Saved entries:

=== Section Start ===

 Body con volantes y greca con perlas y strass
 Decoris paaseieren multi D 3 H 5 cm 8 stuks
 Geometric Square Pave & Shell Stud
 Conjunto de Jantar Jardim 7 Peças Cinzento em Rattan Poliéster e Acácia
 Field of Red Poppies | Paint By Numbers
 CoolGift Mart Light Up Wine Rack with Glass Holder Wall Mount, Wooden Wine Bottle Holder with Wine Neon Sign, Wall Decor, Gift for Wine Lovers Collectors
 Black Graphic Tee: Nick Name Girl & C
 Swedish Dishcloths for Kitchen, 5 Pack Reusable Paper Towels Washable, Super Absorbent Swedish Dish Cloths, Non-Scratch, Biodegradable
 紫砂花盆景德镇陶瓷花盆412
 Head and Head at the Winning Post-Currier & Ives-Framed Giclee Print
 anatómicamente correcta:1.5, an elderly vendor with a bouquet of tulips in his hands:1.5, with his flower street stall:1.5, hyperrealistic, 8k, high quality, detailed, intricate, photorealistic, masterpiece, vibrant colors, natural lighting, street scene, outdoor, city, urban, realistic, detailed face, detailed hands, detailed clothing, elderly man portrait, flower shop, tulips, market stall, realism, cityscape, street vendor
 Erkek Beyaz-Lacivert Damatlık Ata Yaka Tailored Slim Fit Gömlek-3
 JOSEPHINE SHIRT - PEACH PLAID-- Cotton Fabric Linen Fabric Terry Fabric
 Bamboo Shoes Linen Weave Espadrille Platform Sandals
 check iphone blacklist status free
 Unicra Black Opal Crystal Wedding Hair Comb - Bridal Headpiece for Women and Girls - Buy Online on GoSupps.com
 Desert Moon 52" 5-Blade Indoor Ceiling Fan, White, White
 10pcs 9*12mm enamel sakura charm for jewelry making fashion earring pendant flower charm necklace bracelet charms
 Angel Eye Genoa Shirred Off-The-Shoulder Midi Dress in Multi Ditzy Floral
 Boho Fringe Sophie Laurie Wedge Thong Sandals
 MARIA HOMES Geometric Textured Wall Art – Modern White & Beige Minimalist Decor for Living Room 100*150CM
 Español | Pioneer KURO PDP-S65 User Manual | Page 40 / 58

=== Section End ===

### TASK INSTRUCTIONS
In the lines above, spot each one that contains the word "with" and copy it.

### FINISHED EXERCISE
 CoolGift Mart Light Up Wine Rack with Glass Holder Wall Mount, Wooden Wine Bottle Holder with Wine Neon Sign, Wall Decor, Gift for Wine Lovers Collectors
 anatómicamente correcta:1.5, an elderly vendor with a bouquet of tulips in his hands:1.5, with his flower street stall:1.5, hyperrealistic, 8k, high quality, detailed, intricate, photorealistic, masterpiece, vibrant colors, natural lighting, street scene, outdoor, city, urban, realistic, detailed face, detailed hands, detailed clothing, elderly man portrait, flower shop, tulips, market stall, realism, cityscape, street vendor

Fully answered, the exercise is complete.